"She has her own festival on 21 March, the Spring Equinox, in which bouncing springy behavior is encouraged."
OSTARA was very popular with the Anglo-Saxon pagan brigade who worshipped her under the name EOSTRE — and kicked off the whole Easter business without a JESUS in sight. If you ever wondered what eggs and bunnies have to do with crucifixion and resurrection, the answer is: absolutely nothing.
OSTARA's sacred animal is a cute wittle wabbit — an obvious symbol of fertility — and the egg is her symbol of fertile purity. So Easter Egg hunts are actually packed with symbolic meanings of rebirth and renewal.

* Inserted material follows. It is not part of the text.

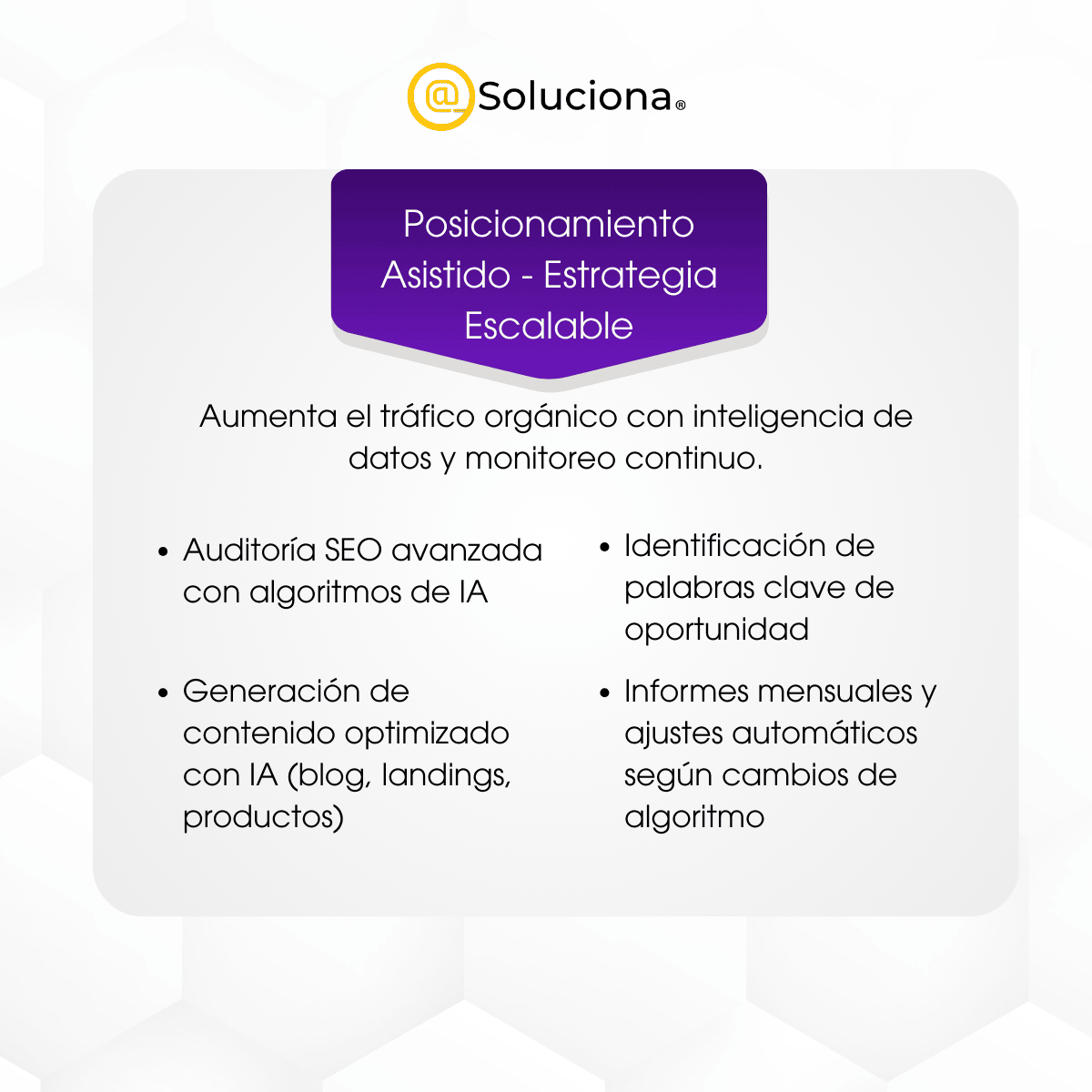 Optimización en Buscadores con IA - Image 2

And Elmer Fudd is obviously just a high priest of the Great Easter Bunny.
In case you think we're being flippant, recent research suggests that OSTARA herself was actually invented during a mischievous moment by the Venerable Bede. This well-known monk mentioned her in connection with the pagan festival Eosturmonath in a book written in 750 A.D. — but extensive research has failed to find a trace of her prior to that. Could he possibly have been fibbing?
Rabbits and hares are ubiquitous in mythology. Every culture seems to have a Rabbit God — and they're nearly always trickster spirits. This, we feel, explains a lot. We also have a terrific theory explaining why stage magicians love doing tricks with eggs and rabbits. Was OSTARA pulled out of a hat?